Design and develop scalable, robust, and high-performance data pipelines and data storage solutions.
Architect and implement data models and schemas optimized for both performance and scalability.
Develop and maintain ETL (Extract, Transform, Load) processes to ingest data from various sources, including structured and unstructured data.
Implement data transformation and cleaning procedures to ensure data quality and consistency.
Optimize data processing workflows to ensure efficient resource utilization and minimize latency.
Utilize big data technologies such as Hadoop, Databricks, Spark SQL, Kafka, and Hive to process and analyze large datasets.
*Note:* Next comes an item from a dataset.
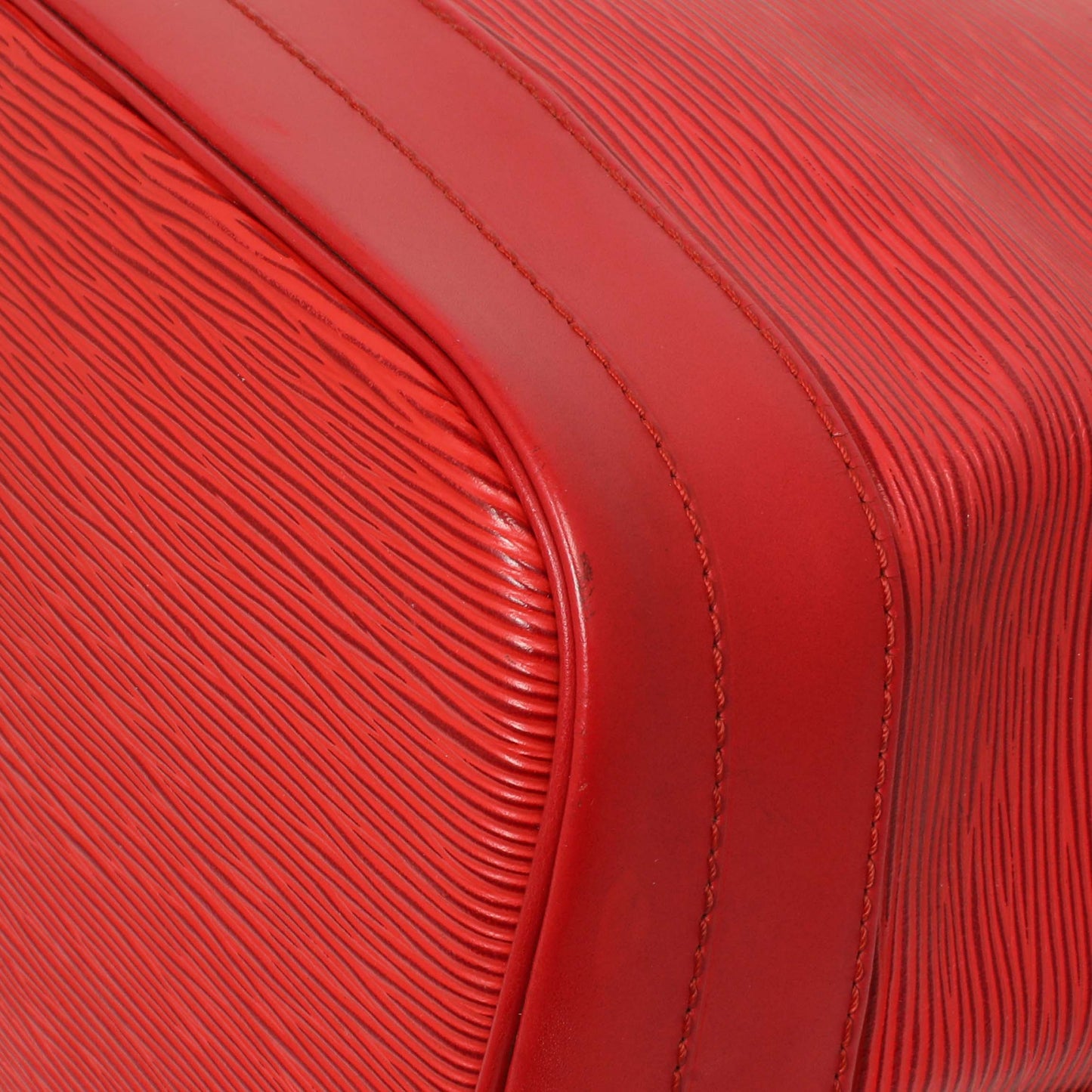 Exclusive Louis Vuitton Red Epi Noe — Detail View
Integrate data from multiple sources, including databases, APIs, and third-party data providers.
Manage and maintain data lakes and data warehouses, ensuring data is organized and accessible for analysis.
Work closely with data scientists, analysts, and other stakeholders to understand data requirements and deliver solutions that meet their needs.
Provide technical guidance and support to team members and other departments as needed.
Stay updated with the latest industry trends and best practices in big data engineering.
Continuously improve data processing techniques and tools to enhance the overall efficiency and effectiveness of the data engineering team.
Familiarity with containerization and orchestration tools (e.g., Docker, Kubernetes).
Requirements
Bachelor’s or Master’s degree in Computer Science, Engineering, or a related field.
Proven experience as a Big Data Engineer or in a similar role, with a strong focus on big data technologies and data processing.
Minimum 9 to 12 years of experience, depending upon education.
Certification in big data or cloud technologies (Preferred).
Proficiency in programming languages such as Java, Scala, or Python.
Strong experience with big data technologies and frameworks (e.g., Hadoop, Databricks, Spark SQL, Kafka, Hive).
Knowledge of database systems, both SQL (e.g., PostgreSQL, MySQL, Oracle) and NoSQL (e.g., Cassandra, MongoDB).
Implement and maintain Elasticsearch clusters, ensuring data availability, reliability, and consistency across distributed environments.
Integrate Elasticsearch with other big data tools and frameworks, such as Apache Kafka, Hadoop, and Spark, to streamline data processing pipelines.
Experience with cloud platforms (e.g., AWS, Azure, Google Cloud) and their data services.
Knowledge of data warehousing solutions like Amazon Redshift, Google BigQuery, or Snowflake.
Excellent analytical and problem-solving skills.
Strong verbal and written communication skills.
Ability to work effectively both independently and as part of a team.
Strong organizational skills and the ability to manage multiple tasks and priorities.
Selected applicants must be a current US Citizen and must have an active Top-Secret security clearance with recent background investigation (within the last five years), or current enrollment in continuous evaluation.